LOS ANGELES — Last summer, in the midst of the Gaza conflict, the threat of rocket fire forced NBC Universal’s Dig to stop production in Jerusalem and move out of the country.
If only the show itself were half that dramatic.
Instead, Dig, which premiered Thursday on the USA Network, is a rather flat amalgam of Indiana Jones and The Da Vinci Code poured into the mold of a standard television conspiracy-thriller.
The show follows FBI agent Peter Connelly (Jason Isaacs) investigating the murder of an American archaeologist, which leads him to uncover a group of apocalyptic religious extremists seeking to bring about end times by reenacting the ceremonies of an ancient biblical cult.
Although the action sprawls across the globe, it is focused primarily on Jerusalem, a piece of territory as charged and dramatically contested as any on earth. Yet in a sign of the show’s weakness, Dig feels oddly detached from the actual currents roiling the ancient city.
Making it even more perplexing, Dig was co-created by Gideon Raff, the creator of the hit Israeli show Prisoners of War and its American spinoff, Homeland. If anyone has shown an ability to explore complex characters against the backdrop of the political conflicts of the Middle East, it is Raff.

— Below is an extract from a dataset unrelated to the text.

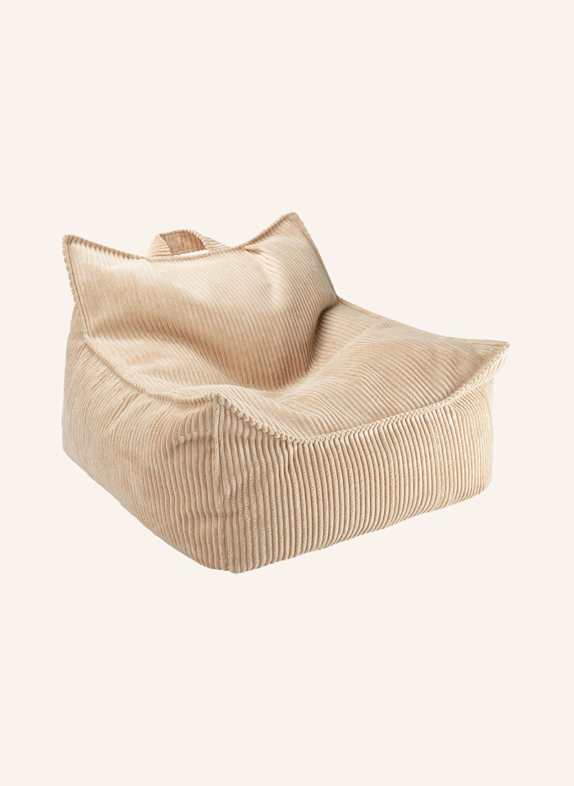 wigiwama Sitzsack SESSEL HELLBRAUN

But despite being partially filmed in Israel, the setting of Dig bears only a passing resemblance to the actual country. Not only is the Israeli-Palestinian conflict wholly absent (aside from obligatory news clips), but there are no significant Muslim characters. There is one Palestinian character, but he is an apocalyptic Christian and an international art thief — not exactly representative.
Instead, the writers focus on the rites performed in ancient temples and a rather unique coalition of Jewish and Christian fundamentalists intent on reenacting them. Thus we have a group of Orthodox Jews focused on procuring a red heifer, a Christian sect in the New Mexico desert that has been raising a young boy for an as-yet-unspecified role, an international antiquities conspiracy to assemble the breastplate of the high priest, and an archaeological dig underneath the Temple Mount seeking to uncover the original ark of the covenant. There is even an appearance by the Essenes, the ancient religious sect, reborn here as globetrotting, white-clad killer ninjas.

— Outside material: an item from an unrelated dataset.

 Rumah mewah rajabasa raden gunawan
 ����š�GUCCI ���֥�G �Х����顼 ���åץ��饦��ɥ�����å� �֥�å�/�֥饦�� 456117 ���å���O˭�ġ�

There is also, of course, a conspiracy, and it inevitably goes All the Way to the Top.
Unfortunately, the character development isn’t nearly as carefully worked out as the eschatology. Our hero, the FBI agent Connelly, a tough all-American cop posted to Jerusalem, is sucked into the case after he meets a female archaeology student who happens to look exactly like his dead daughter. They spend the night wandering through Jerusalem, eventually descending into an archaeological tunnel to skinny dip in the mikvah of the ancient temple. The next morning she is found dead.
The Connelly part is thinly written. The extent of his emotional life is both explored and exhausted in periodic calls to his wife to grieve over the loss of their daughter — calls that seem largely designed to reassure the audience that he is still invested in finding the killer of his daughter’s doppelganger. Still, that’s better than his boss (Anne Heche), whose role consists of sleeping with Connelly and repeatedly telling him, unsuccessfully, to back off the case.

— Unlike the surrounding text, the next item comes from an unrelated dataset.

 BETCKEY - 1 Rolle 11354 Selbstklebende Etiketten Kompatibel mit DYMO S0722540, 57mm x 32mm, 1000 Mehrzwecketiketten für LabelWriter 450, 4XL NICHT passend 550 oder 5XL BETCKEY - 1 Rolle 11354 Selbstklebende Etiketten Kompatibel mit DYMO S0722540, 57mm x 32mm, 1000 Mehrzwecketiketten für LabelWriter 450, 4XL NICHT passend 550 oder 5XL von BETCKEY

By far the most genuine relationship on the show is between a young Hasidic man and the red heifer he is sent to care for and transport to Jerusalem. Here, at least, there is real affection.
Meanwhile, the audience is left with no insight into what motivates any of the religious extremists. Such people do exist, after all, and it isn’t as if religious extremism has ceased to be a relevant topic.
Dig could have gone in a different direction by demonstrating a sense of fun; it already teeters at times on the edge of ridiculousness. Connelly can’t seem to turn a Jerusalem corner without running into some sort of religious procession. And the show also demonstrates a level of cooperation among evangelical Christians, Catholics and Orthodox Jews that would seem, apocalypse or no, to deserve some sort of award for interfaith cooperation. Instead, Dig insists on taking itself deadly serious.
Ultimately, Dig manages to cover some of the richest, most resonant terrain in the world — both physically and thematically — without ever delving beneath the surface. This is a pity given the talent involved.
Raff’s co-creator, Tim Kring, demonstrated in Heroes that he could take comic book genre material and still make gripping television. Raff’s sense for the ways that people can be torn apart by larger political and social pressures should resonate beautifully in a country that has often been a magnet for messianic fantasists. And Israel is never less than mesmerizing as a backdrop. (The show also was filmed in part in Canada, New Mexico and Croatia.)
Dig, however, seems to approach Jerusalem with all the curiosity of a lazy tourist, making it little more than a venue for some pictures and tired fantasies.